2. ] Изгнанная множественность: «частное» и «индивидуальное»

Как же множество выжило после создания централизованных Государств? В каких скрытых и недоразвитых формах оно проявлялось после полного утверждения современного понятия суверенности? Где можно расслышать его эхо? Схематизируя до предела этот вопрос, попробуем выделить способы, с помощью которых в рамках либерального и социал-демократического мышления (т. е. политических традиций, для которых единство народа является несомненным отправным пунктом) понимались многие в качестве многих.

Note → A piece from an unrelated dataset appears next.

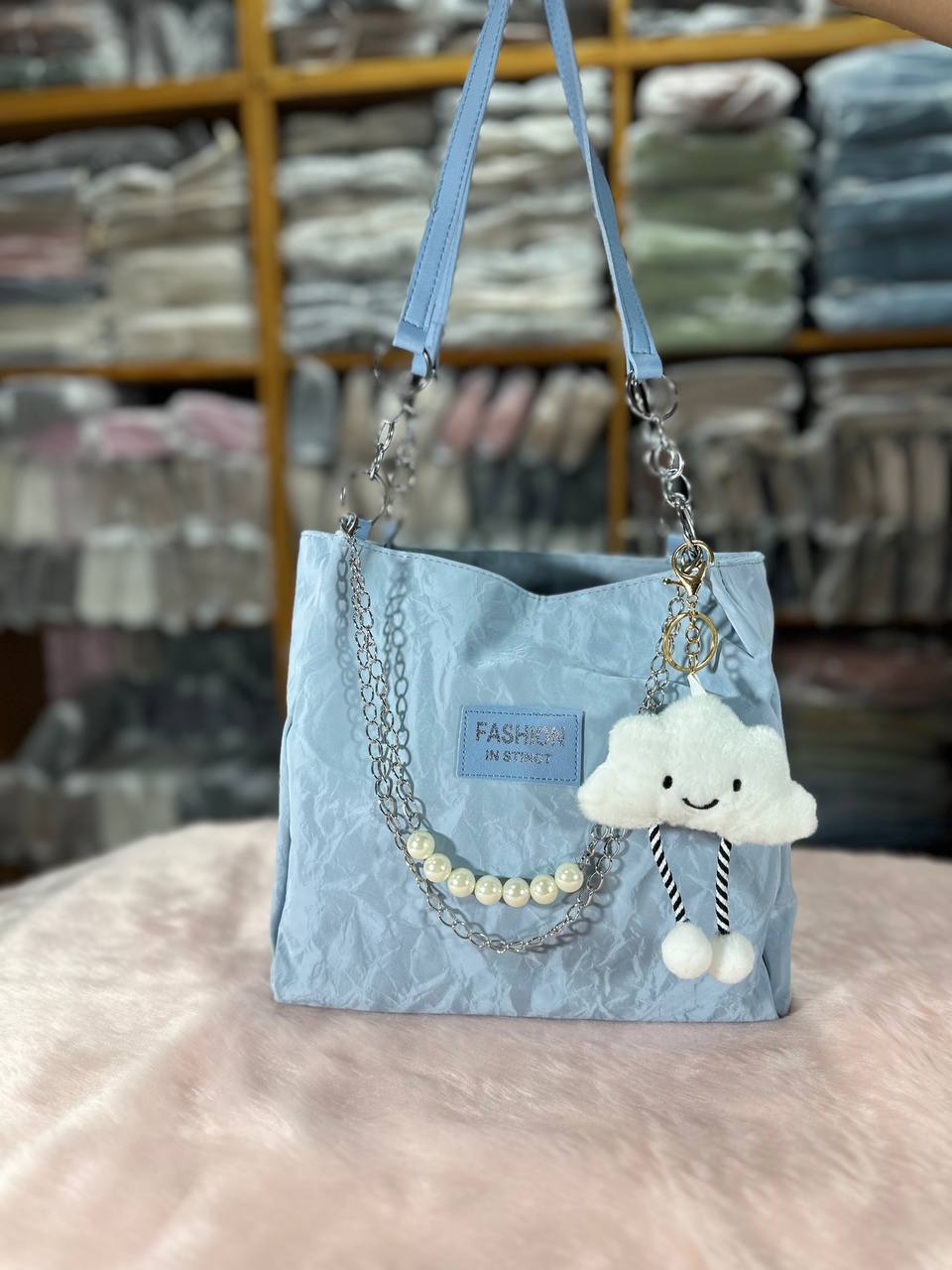 Tote bag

В либеральном мышлении спровоцированная многими тревога смягчается с помощью обращения к паре частное/общественное. Являясь антиподом народа, множество приобретает несколько призрачное и унизительное сходство с так называемым частным. Между прочим, до того, как стать само собой разумеющейся, сама диада частное/общественное была выкована со слезами и кровью в тысячах теоретических и практических распрей, и, следовательно, она должна считаться результатом сложного стечения обстоятельств. Что может быть для нас более обычным, чем разговор о частном и общественном опыте? Однако это размежевание не всегда было очевидным. Недостаток очевидности очень интересен, потому что сегодня, возможно, мы живем в новом XVII веке, или же в эпоху, когда взрываются старые категории, а новые только предстоит создать. Многие идеи, которые все еще кажутся экстравагантными и необычными, например понятие непредставительной власти, возможно, уже ведут к формированию новых понятий здравого смысла, которые, в свою очередь, стремятся сделаться «очевидными». Но вернемся к нашему разговору. «Частное» не означает что-то исключительно личное, что относится к внутреннему миру того или иного индивидуума. Частное, приватное (privato) означает также и даже прежде всего – лишенность, депривацию: лишение голоса или отсутствие на публике[4]. С точки зрения либерального мышления множество выживает в измерении частного. Оно страдает афазией и находится вдалеке от сферы общественных дел.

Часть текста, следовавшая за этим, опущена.